“It’s gonna be the end, this and that, all this nonsense. It’s gonna be the end of cheeseburgers, the end of hotdogs, the end of pizza and Pepsi, you name it.” The young man looks directly into the camera on his computer, notes tacked to the wall and a Season’s Greetings plaque on a shelf behind him. “So,” he goes on, “I’m here with this video to let you guys know five things and reasons that the world will not end. So, starting from the top, zombies are not going to take over the world.”
It’s 25 minutes into Hoax_Canular, a found footage documentary featuring homemade videos about the end of the world. Gleaned from all over YouTube, the clips range from kids in survival gear and earnest singers with guitars to a guy who’s jogging along with an offscreen exercise video so he can “have a six pack when the world ends” to the kid with the awesome afro, patiently explaining just why all those people who believe the world will end on an upcoming date are wrong.
Still, the possibility goads new ways of thinking, new perceptions of identity and communication. “I don’t need an to the frame that all you see are his eyes in blue monitor light, ooky and near at the same time. “And that’s not even a word and I know that, but I say it because the end of the world is in 20 fucking days.”
Dominic Gagnon’s documentary, which screened at the Doc Yard on 3 November and is available on YouTube, structures these self-performances so they tell a story of hope and fear and hope again. Subjects describe their visions of the coming apocalypse, images drawn from video games and monster movies. This whether they reject such “nonsense,” like the kid with the Season’s Greetings plaque, or they embrace them, such as the several young people who advise their viewers on which weapons or gear will best help them survive.
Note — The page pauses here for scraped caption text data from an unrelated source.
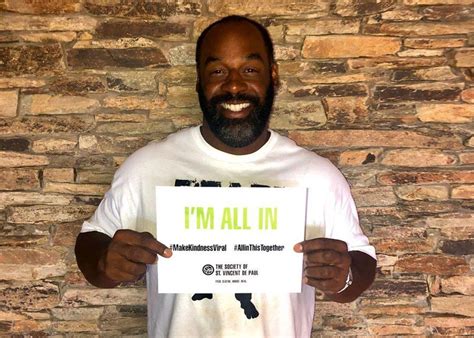 Former Nfl Qb Donovan Mcnabb Spreads Kindness To Families In Need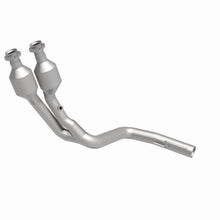Load image into Gallery viewer, MagnaFlow Exhaust Products 24997 HM Grade Direct-Fit Catalytic Converter for Select Jeep Cherokee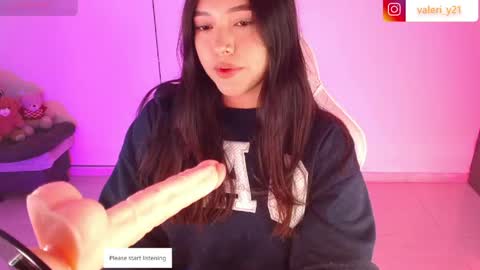 Snapshot of moonbella_bell chatting on 06.08.26 bell online show from 06.08.26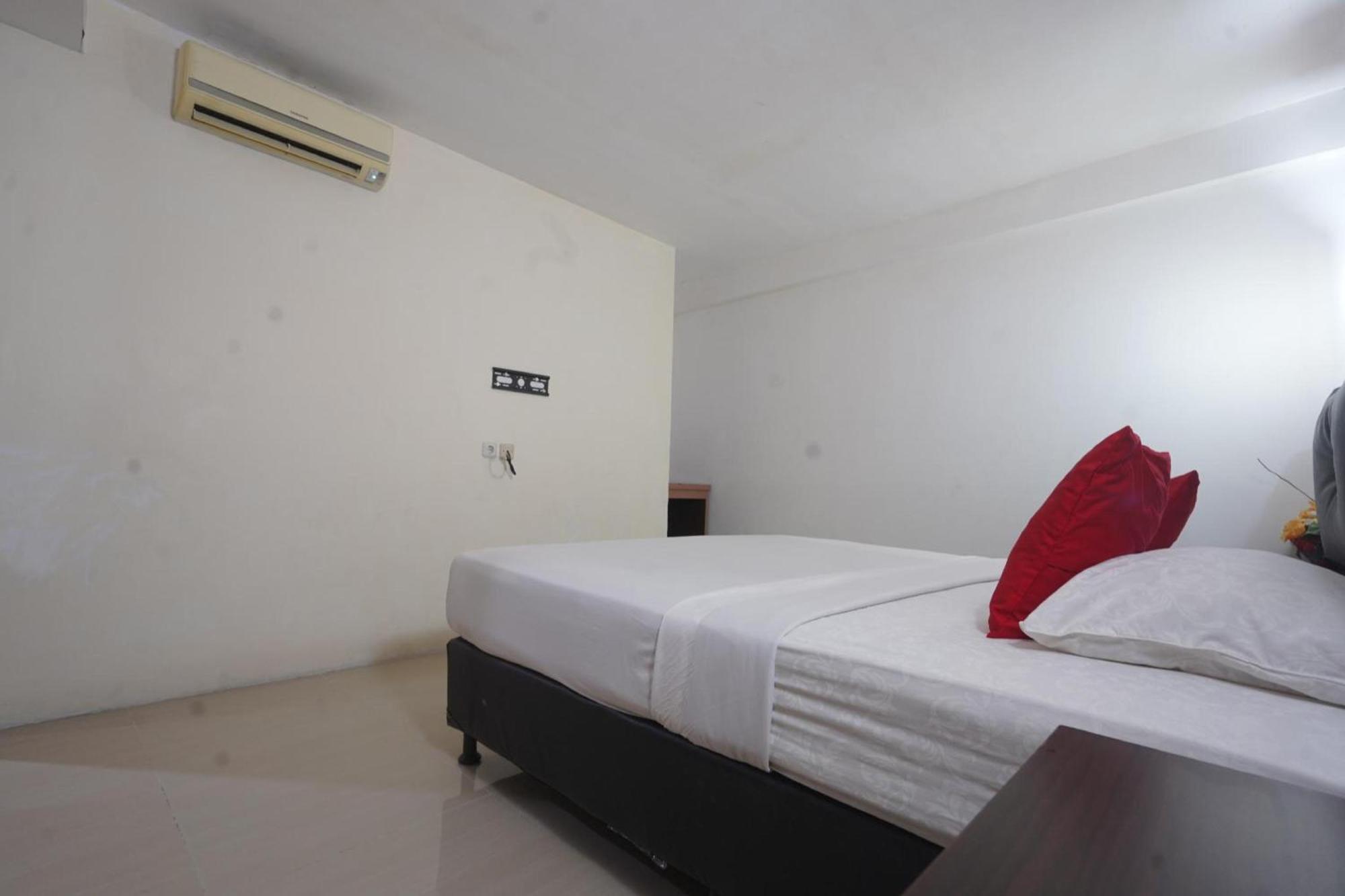 Collection O Losari Near Pantai Losari Formerly Hotel Grand Populer Makassar Exterior photo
One boy advises a survival kit that’s small enough to carry but big enough to hold everything you’ll need. He holds up his “tiny little turtle backpack”, as well as what he’s putting in it, sleeping pills (“because there’ll be a lot of screaming”), liquor and, he adds, “You’re also going to want a doomsday companion,” at which point he shows off a fluffy white dog he’ll tuck inside. Other self-made experts plan for combat.
“Here are some of the essential tools for you to have,” offers a kid decked out in a helmet and pads. “The bat is an excellent bludgeoning tool, with its long reach, however, this makes it unsuitable for close quarters combat, unlike the hammer with its short reach.” Here he shows each item he describes, framing it closely so he’s reduced to a green-shirted torso or hand. Still, he concludes, “Firearms are the most essential part of your bailout kit,” because, well, because “Nothing is gonna put a zombie down faster.”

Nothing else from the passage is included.